[SOLVED] how to highlight text as per audio on a website in realtime as the audio narrates it

how to highlight text as per audio on a website in realtime as the audio narrates it

I am trying to figure out which technology to use to hightlight a text as per the audio. Much like what https://speechify.com/ is doing.

This is assuming I am able to run a TTS algo and I am able to convert text to speech. I have tried multiple sources but I am unable to pinpoint the exact technology or methodology of highlighting the text as the audio speaks.

Any help would be much appreciated. I have already wasted 2 days on the internet to figure this out but no luck :(

Solution

A simple approach would be to use the event listener provided by the SpeechSynthesisUtterance boundary event to highlight words with vanilla JS. The emitted event gives us char indices, so no need to go crazy with regexes or super AI stuff :)
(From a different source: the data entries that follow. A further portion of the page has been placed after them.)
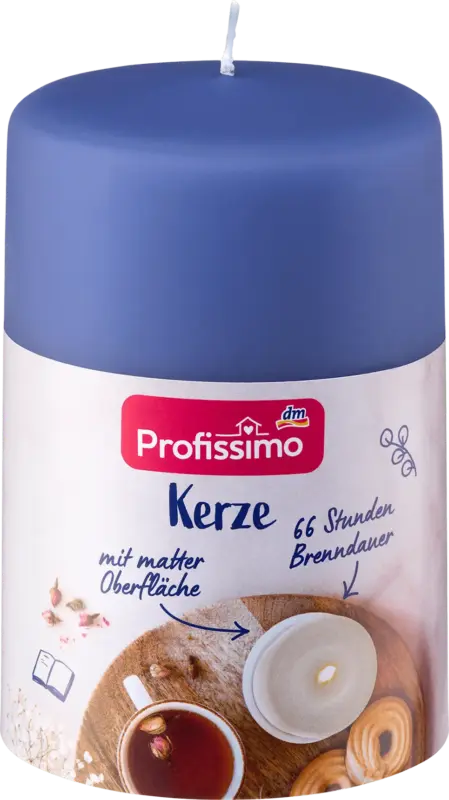 Profissimo Kerze matt 120/80 blau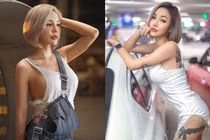 Đỏ mặt mỹ nữ gợi cảm hóa thân thành nàng công nhân hớ hênh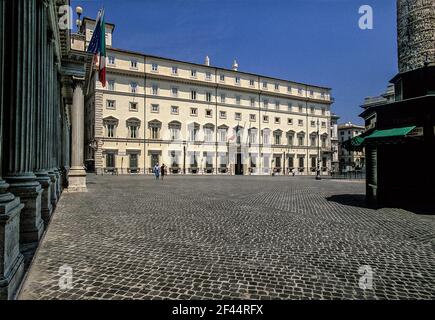 Italia Lazio Roma Palazzo Chigi - sede dell'italiano governo Foto Stock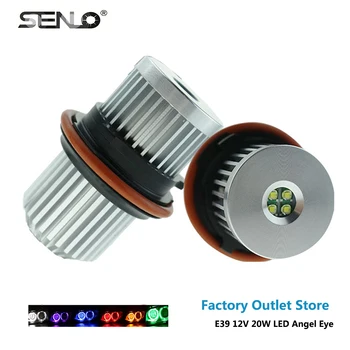 Senlo LED Signal Lamp Angel Eyes Halo-ring Led Marker 20W Error Free for Universal BM W E39 E60 E61 E63 E64 E65 E87 E3904
Senlo LED Signal Lamp Angel Eyes Halo-ring Led Marker 20W Error Free for Universal BM W E39 E60 E61 E63 E64 E65 E87 E3904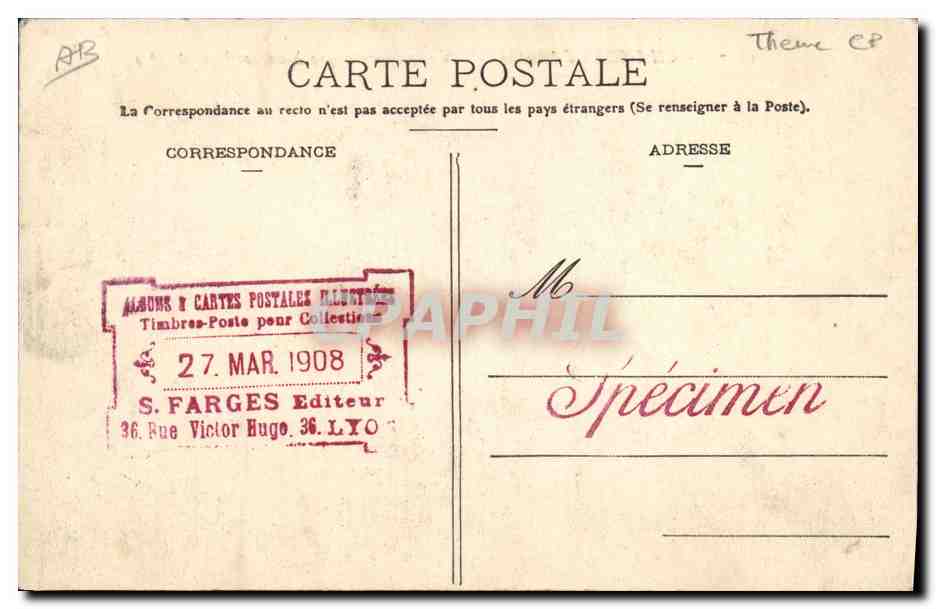CPA Cartes Postales S Farges Rue Victor Hugo Lyon Chamelet Vue panoramique a raccordement — Rückseite
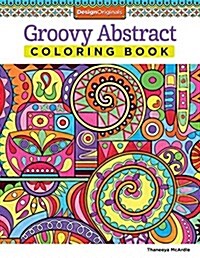 Groovy Abstract Coloring Book (Paperback)
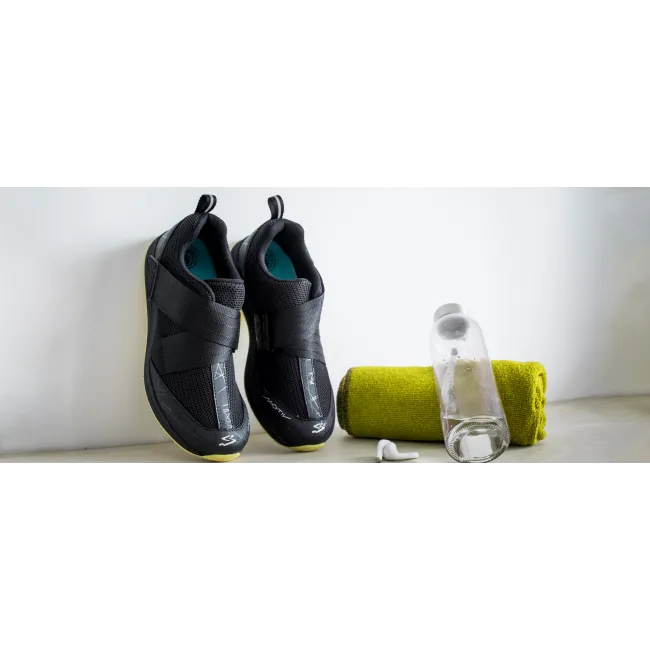 Spiuk - Pantofi ciclism indoor MOTIV INDOOR - negru galben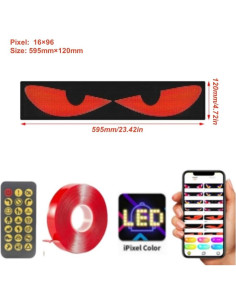 Luces LED Ojos del Diablo Ctopkatuo para Autos Extra Grande 2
Before anything else, make sure the API is available

const synth = window.speechSynthesis
if (!synth) {
  console.error('no tts for you!')
  return
}

The tts utterance emits an 'boundary' event, we can use it to highlight text.

let text = document.getElementById('text')
let originalText = text.innerText
let utterance = new SpeechSynthesisUtterance(originalText)
utterance.addEventListener('boundary', event => {
  const { charIndex, charLength } = event
  text.innerHTML = highlight(originalText, charIndex, charIndex + charLength)
})
synth.speak(utterance)

Full example:

const btn = document.getElementById("btn")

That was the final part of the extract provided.